Again, while Cicchitello's alleged remarks were unprofessional and offensive, federal courts time and again have held that such comments do not amount to a constitutional violation. Accordingly, the Court must dismiss Ortiz's Eighth and Fourteenth Amendment claims against Cicchitello pursuant to Section 1915A(b)(1) for failure to state a claim.

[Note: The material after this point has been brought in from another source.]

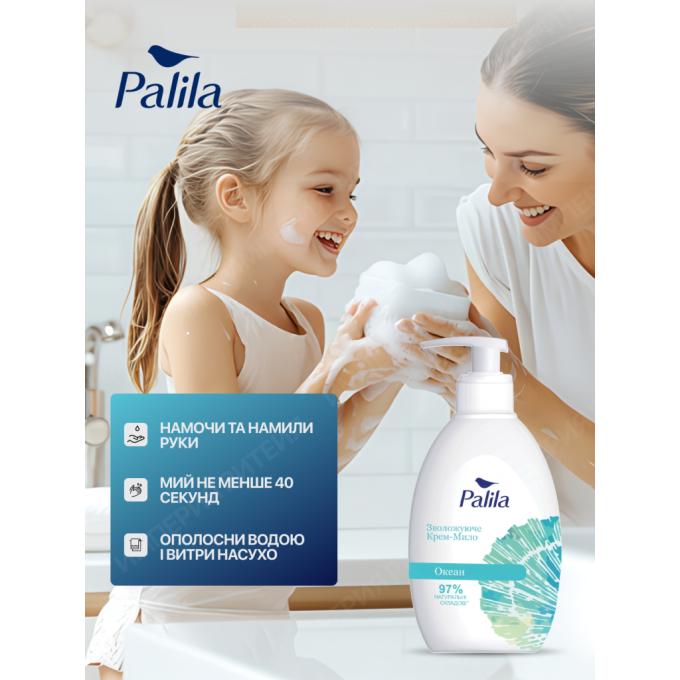 Palila 8690757009474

C. First Amendment Retaliation
Ortiz's retaliation claim in his original complaint was dismissed primarily because he failed to identify an adverse action taken against him. His amended complaint does not address or cure this deficiency. The only reference to retaliation in Ortiz's amended complaint states that another inmate-Rafael Rojas-was “sanctioned” with denial of phone privileges and “cell restriction” for his attempt to aid Ortiz as a witness. (Doc. No. 12 at 2 ¶ 4.) Ortiz's amended complaint does not identify a sufficiently adverse action (or any adverse action, for that matter) taken against him for his protected conduct. Thus, for the same reasons contained in this Court's prior dismissal, (see Doc. No. 10 at 7-10), Ortiz's First Amendment retaliation claims must be dismissed pursuant to Section 1915A(b)(1).
D. Leave to Amend
Generally, “plaintiffs who file complaints subject to dismissal under [the Prison Litigation Reform Act of 1995] should receive leave to amend unless amendment would be inequitable or futile.” Grayson, 293 F.3d at 114. Ortiz has already been granted leave to amend once. Further leave to amend will be denied because Ortiz has failed to cure the deficiencies with his complaint even after “amendments previously allowed.” See Foman v. Davis, 371 U.S. 178, 182 (1962); Jones v. Unknown D.O.C. Bus Driver & Transp. Crew, 944 F.3d 478, 483 (3d Cir. 2019) (concluding that, where inmate plaintiff “has already had two chances to tell his story,” providing “further leave to amend would be futile”).
IV. CONCLUSION
Based on the foregoing, the Court will dismiss Ortiz's amended complaint pursuant to 28 U.S.C. § 1915A(b)(1) for failure to state a claim upon which relief may be granted. Dismissal will be with prejudice, as further leave to amend would be futile. An appropriate Order follows.